Material provided ▸
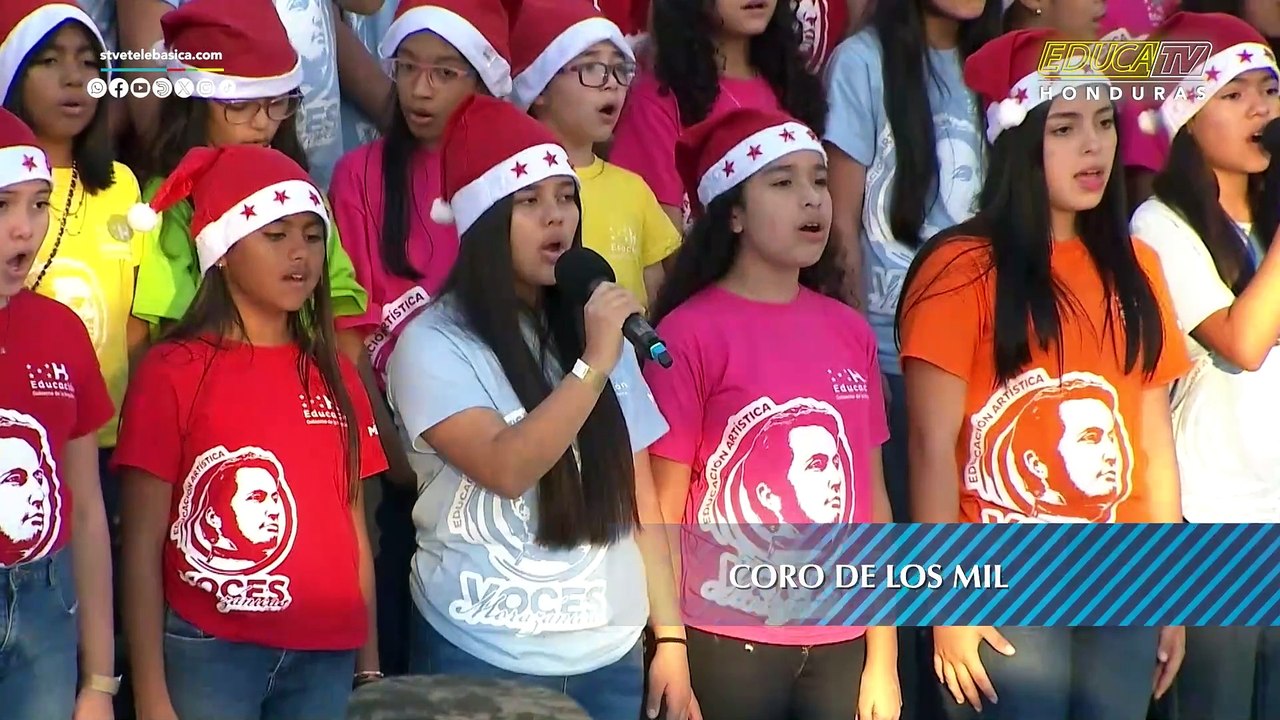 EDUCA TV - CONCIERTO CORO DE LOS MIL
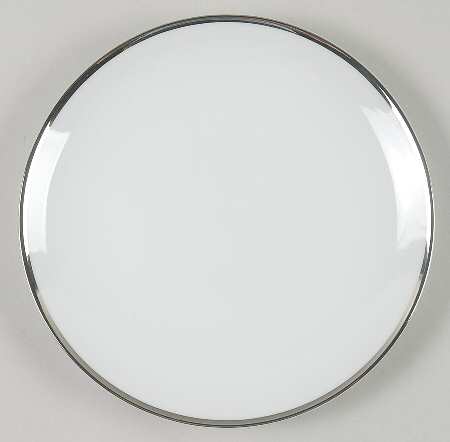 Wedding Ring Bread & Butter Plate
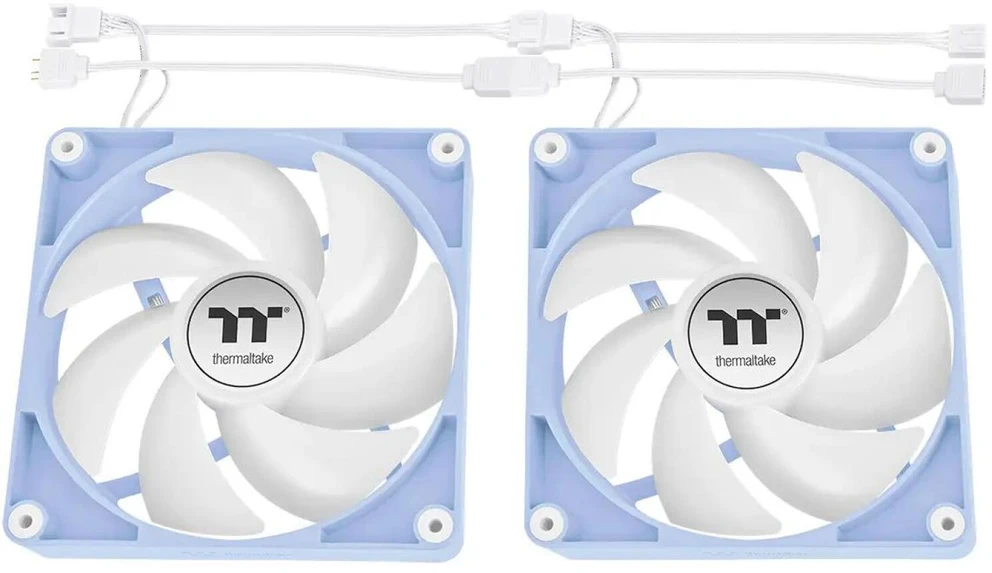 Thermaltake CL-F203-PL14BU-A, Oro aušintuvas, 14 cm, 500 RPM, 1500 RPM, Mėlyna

Problem description ▸ Could you copy the data above exactly, leaving the pictures out?

Response box ▸
 EDUCA TV - CONCIERTO CORO DE LOS MIL
 Wedding Ring Bread & Butter Plate
 Thermaltake CL-F203-PL14BU-A, Oro aušintuvas, 14 cm, 500 RPM, 1500 RPM, Mėlyna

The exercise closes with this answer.